The greatest reduction in substation energy consumption was approximately 9% and occurred in scenarios 4, 6 and 8 with the highest level of PVDG (see Fig. 5). The reduction in substation energy consumption was due to the partial supplying of energy by responsive consumers’ PV systems and the correspondent reduction in distribution system energy losses. The greatest reduction in distribution system energy losses was approximately 13% and occurred in scenario 6 with the highest levels of DR and PVDG [3].

Fig. 5. Substation energy consumption and distribution system energy losses (Image credit: Matheus Sabino Viana)

The greatest energy bill saving of a responsive consumer sample with a maximum demand of 9.73 kW, calculated as a weighted-average in a typical Brazilian year, was approximately 36% and occurred in scenario 4 with the highest level of PVDG (see Fig. 6). The bill saving in scenario 6 with the highest levels of DR and PVDG was approximately 35%, indicating that simultaneous adoption of the white tariff and PVDG may not be economically attractive to consumers [3].

Fig. 6. Consumer average energy cost and the fraction of energy supplied by PVDG (Image credit: Matheus Sabino Viana)

To present a sensitivity analysis for the case study using a statistical method, a series of 100 simulations adding random variability to the demand curve of all consumers and to the POA irradiance and PV panel temperature curves in the applicable scenarios was performed. A random number with zero mean and variance of 1, multiplied by 20% of the standard deviation value of the curve was added to its original mean value (see the example in Fig. 7) [3].

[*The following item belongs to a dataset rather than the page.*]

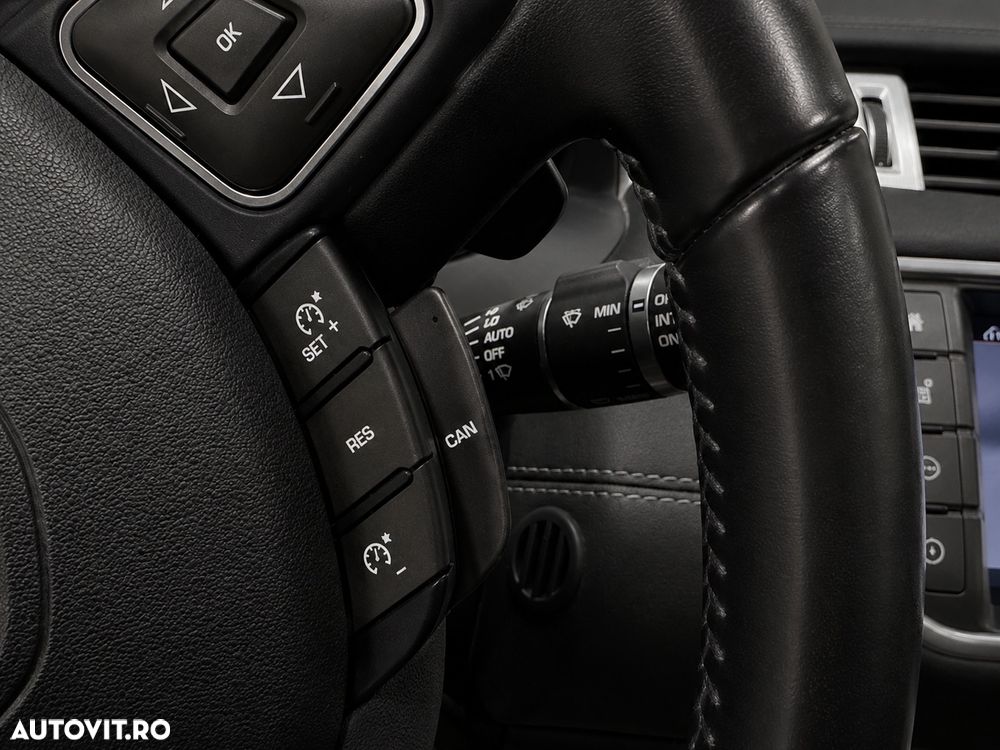 Land Rover Range Rover Evoque - 12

Fig. 7. Series of 100 load curves of a residential consumer sample with random variability for statistical analysis (Image credit: Matheus Sabino Viana)

The mean and standard deviation results of substation peak demand and energy consumption obtained through statistical analysis are presented in Figs. 8 and 9.

Fig. 8. Substation peak mean and standard deviation in a series of random simulations (Image credit: Matheus Sabino Viana)

Fig. 9. Substation energy consumption mean and standard deviation in a series of random simulations (Image credit: Matheus Sabino Viana)

Resources such as DR and PVDG can permit postponing of investments in the expansion of the electrical system, increase the participation of renewable sources in electricity generation and improve the electrical network energy efficiency and energy conservation. Policymaking must consider alternatives to the optional white tariff to stimulate the simultaneous use of DR and PVDG [3].

These findings are described in the article entitled Analysis of demand response and photovoltaic distributed generation as resources for power utility planning, recently published in Applied Energy. This work was conducted by Matheus Sabino Viana, Giovanni Manassero Junior and Miguel E. M. Udaeta from the University of São Paulo.

References: 

  1. R. Deng, Z. Yang, M. Y. Chow, and J. Chen, “A survey on demand response in smart grids: Mathematical models and approaches,” IEEE Trans. Ind. Informatics, vol. 11, no. 3, pp. 570–582, 2015.
  2. H. C. Gils, “Economic potential for future demand response in Germany – Modeling approach and case study,” Appl. Energy, vol. 162, pp. 401–415, 2016.
  3. M. S. Viana, G. Manassero, and M. E. M. Udaeta, “Analysis of demand response and photovoltaic distributed generation as resources for power utility planning,” Appl. Energy, vol. 217, no. May 2018, pp. 456–466, 2018.
  4. L. Hollanda, “Essays on Economic Regulation. A Microdata Approach to Household Electricity Demand in Brazil,” Fundação Getúlio Vargas, 2012.